The Tinkinswood site also produced shards and pieces of Neolithic and Bell-Beaker style pottery, which first started showing up in Britain around 2500 BC. This indicates that the burial chamber might have been used for a thousand years, and perhaps into the early Bronze Age period. Historical craniometric studies and dental analysis led credence to the theory that the Bell-Beaker pottery was brought in with new migrants to the area, known archeologically as the “Beaker folk”. If so, the Beaker folk appear to have adopted the ‘native’ mortuary uses for the long barrows. With the addition of Bell-Beaker migrants, the ancient Welsh would have probably become the same genetic mix as the rest of Central and Northern Europe: “a three-way miscegenation” of Neolithic farmers, western European hunter gatherers who were present in Europe since at least the Mesolithic, and the newly integrated Yamna people with roots in Eastern Europe and the Near East.

 

That means that Eastern Europeans and people with a brown skin tone from Mesopotamia have been making babies in Britain for eons and the Britain First racialists should get a grip. British people are less than 40% Anglo-Saxon on average. British people, regardless of ethnicity, know how to queue properly, like tea, and incessantly gripe about the weather. That’s it. That is all that is holding Great Britain together, as a people.
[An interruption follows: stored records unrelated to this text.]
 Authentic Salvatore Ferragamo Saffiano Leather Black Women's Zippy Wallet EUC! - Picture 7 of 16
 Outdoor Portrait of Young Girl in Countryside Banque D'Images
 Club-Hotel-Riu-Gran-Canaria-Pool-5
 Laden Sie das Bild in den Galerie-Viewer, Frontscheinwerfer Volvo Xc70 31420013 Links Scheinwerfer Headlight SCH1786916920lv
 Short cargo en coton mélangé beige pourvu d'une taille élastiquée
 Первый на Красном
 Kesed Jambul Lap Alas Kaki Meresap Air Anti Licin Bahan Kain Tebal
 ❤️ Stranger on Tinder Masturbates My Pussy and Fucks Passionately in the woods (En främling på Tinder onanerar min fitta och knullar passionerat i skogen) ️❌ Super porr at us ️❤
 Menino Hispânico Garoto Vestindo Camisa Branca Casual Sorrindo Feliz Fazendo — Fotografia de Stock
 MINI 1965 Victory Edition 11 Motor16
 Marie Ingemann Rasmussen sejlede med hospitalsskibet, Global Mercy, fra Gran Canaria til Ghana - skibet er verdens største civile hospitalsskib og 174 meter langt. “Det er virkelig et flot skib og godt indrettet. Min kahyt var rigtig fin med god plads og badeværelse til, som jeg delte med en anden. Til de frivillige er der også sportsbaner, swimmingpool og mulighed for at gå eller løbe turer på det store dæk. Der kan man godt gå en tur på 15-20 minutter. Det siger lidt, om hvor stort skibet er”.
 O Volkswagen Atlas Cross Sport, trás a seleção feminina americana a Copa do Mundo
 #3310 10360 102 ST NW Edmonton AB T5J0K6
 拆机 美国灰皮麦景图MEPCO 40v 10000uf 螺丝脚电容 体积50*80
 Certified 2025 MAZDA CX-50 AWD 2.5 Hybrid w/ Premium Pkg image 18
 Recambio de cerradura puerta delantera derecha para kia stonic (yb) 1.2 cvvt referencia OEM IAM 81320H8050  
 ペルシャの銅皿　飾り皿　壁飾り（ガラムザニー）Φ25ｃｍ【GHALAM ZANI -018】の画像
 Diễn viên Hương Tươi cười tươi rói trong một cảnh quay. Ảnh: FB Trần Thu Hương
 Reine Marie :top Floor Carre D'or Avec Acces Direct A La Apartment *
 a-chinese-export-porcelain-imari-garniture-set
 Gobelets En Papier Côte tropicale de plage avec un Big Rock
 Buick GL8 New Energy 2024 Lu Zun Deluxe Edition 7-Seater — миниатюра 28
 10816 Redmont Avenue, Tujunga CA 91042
Tinkinswood, naturally, has local legends about it. As with the lore of many Welsh mountains, anyone who spends a night at Tinkinswood on the eve of May Day, St John’s Day (23 June), or Midwinter Day will either die, go mad, or become a poet. There is some disagreement on what would be the worst fate of the three. Also, the group of three boulders to the south east of the monument are said to have once been women. They were said to have been turned to stone as punishment for dancing on the Sabbath day.  

 

Since seeing Tinkinswood, I’ve been to Stonehenge. It seems nice, for one of the newer works. I’m not sure about all these newfangled standing stones, tho. I am a traditional dolmen girl, myself.